Sin embargo, según datos en cadena y de fondos institucionales, algunos indicadores clave están enviando señales diferentes. Primero, el diferencial de primas en CEX, que refleja el sentimiento de los fondos en EE. UU., continúa disminuyendo. Este indicador mide la diferencia de precios entre el mercado estadounidense y el global, y normalmente se mantiene en positivo durante los mercados alcistas. Pero recientes datos muestran que la prima ha caído a su nivel más bajo en más de un mes y ha llegado a estar en descuento, lo que indica una menor disposición de compra por parte de los inversores estadounidenses.
Al mismo tiempo, el flujo de fondos en los ETF de Bitcoin en spot no ha podido mantener su fuerza. Aunque en marzo de 2026 se registró una entrada neta de aproximadamente 1,53 mil millones de dólares, poniendo fin a una serie de salidas, los fondos se concentraron principalmente a principios de mes. Las entradas posteriores se han desacelerado notablemente, con solo unos 195 millones de dólares, lo que muestra que la participación institucional se ha vuelto más cautelosa. En general, el mercado considera que un flujo constante y estable de fondos en ETF es una fuerza clave para impulsar una mayor subida de Bitcoin.

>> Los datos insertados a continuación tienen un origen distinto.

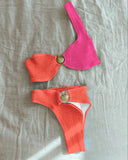 Pleasted Bikinis Colaless Swimsuit Triangle Bikini Set Women Swimwear Halter Bathing Suits Bandage Beachwear Brazilian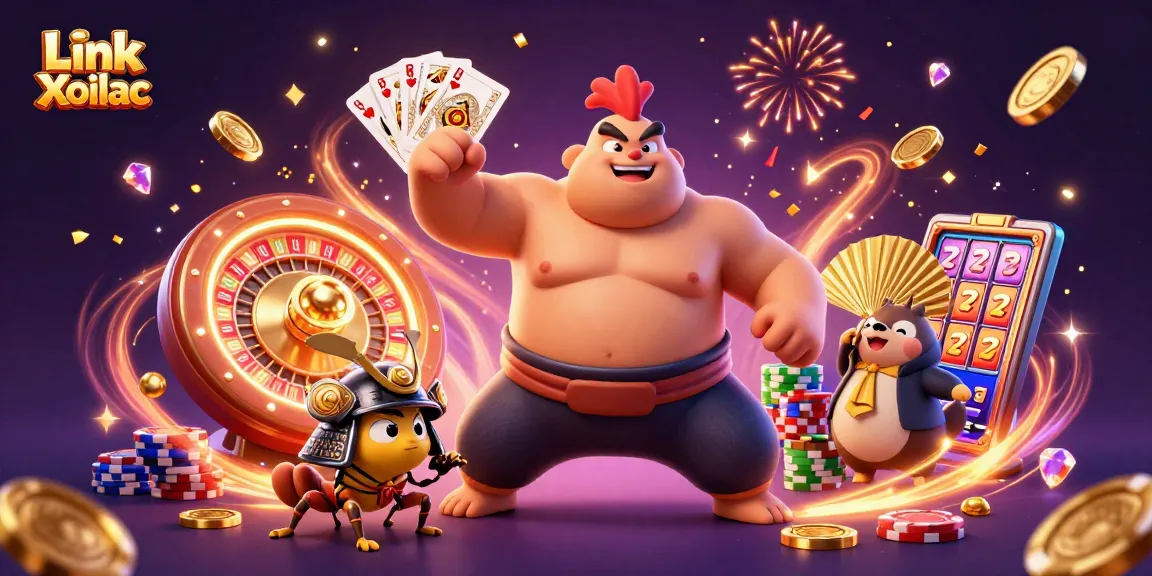 Experience thrilling wins with Link Xoilac in this vibrant casino illustration.
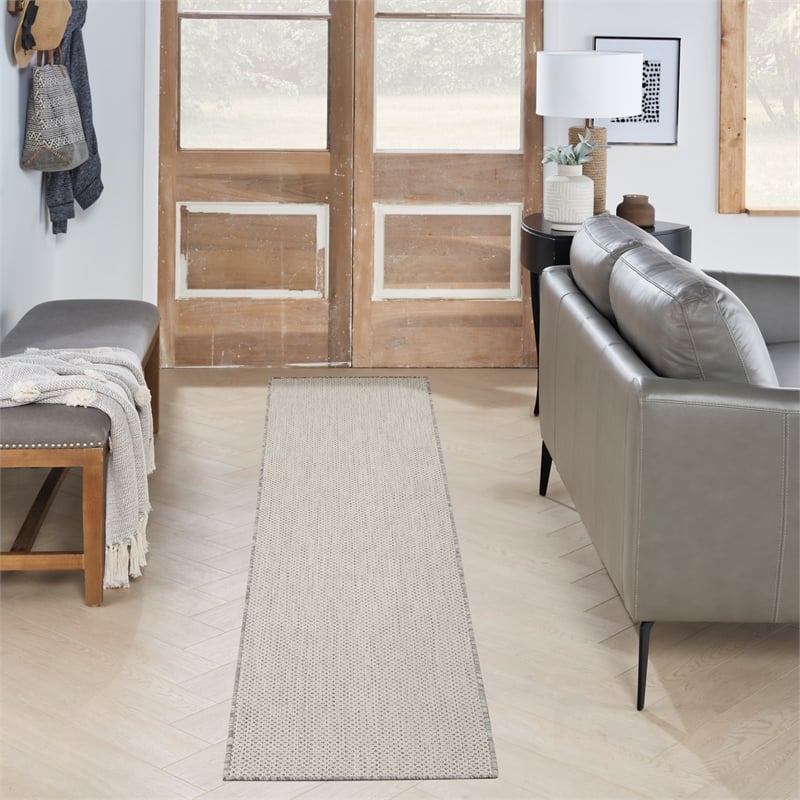 Pemberly Row 8' Runner Ivory Silver Fabric Modern Area Rug (8' Runner)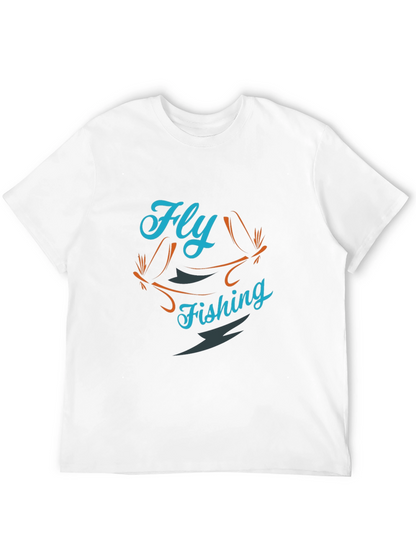 Fly Fishing Graphic Tee - Black Cotton T-Shirt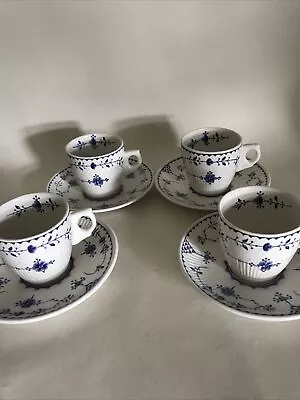 Buy Vintage Furnivals Blue Denmark Expresso Coffee Cups And Saucers X 4 Excellent • 30£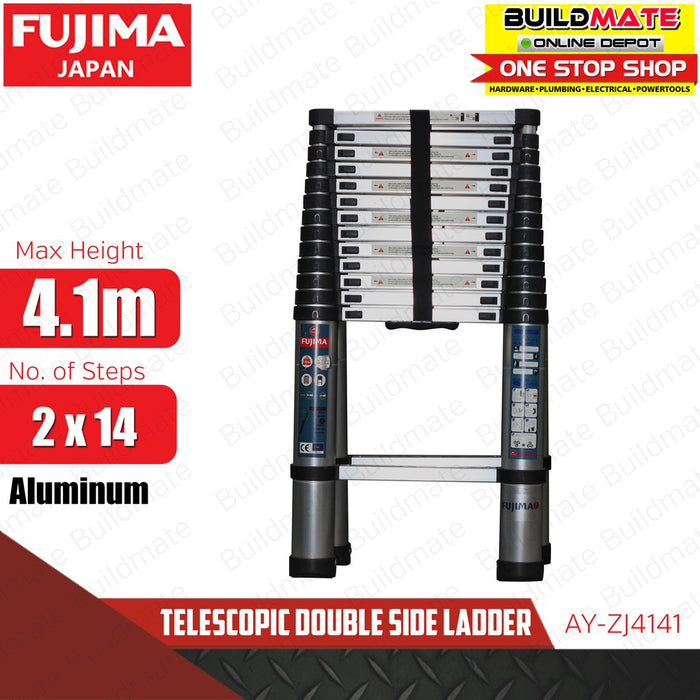 FUJIMA Aluminum Telescopic Double Ladder 4.4m AY-ZJ4141 S/S •BUILDMATE•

Vikram Subburaj, CEO de Giottus en India, señala que la demanda institucional actual no ha desaparecido, pero se presenta de manera más selectiva y dispersa, dificultando que se forme una fuerza de impulso concentrada como en el pasado.
En este contexto, aunque el precio de Bitcoin ha logrado mantener un nivel psicológico clave, su impulso alcista enfrenta pruebas. Si los fondos institucionales no vuelven a acelerar sus entradas y el entorno macroeconómico continúa ajustándose, el mercado podría entrar en una fase de consolidación y volatilidad. A corto plazo, la zona de 70,000 dólares será el núcleo de la lucha entre compradores y vendedores. (CoinDesk)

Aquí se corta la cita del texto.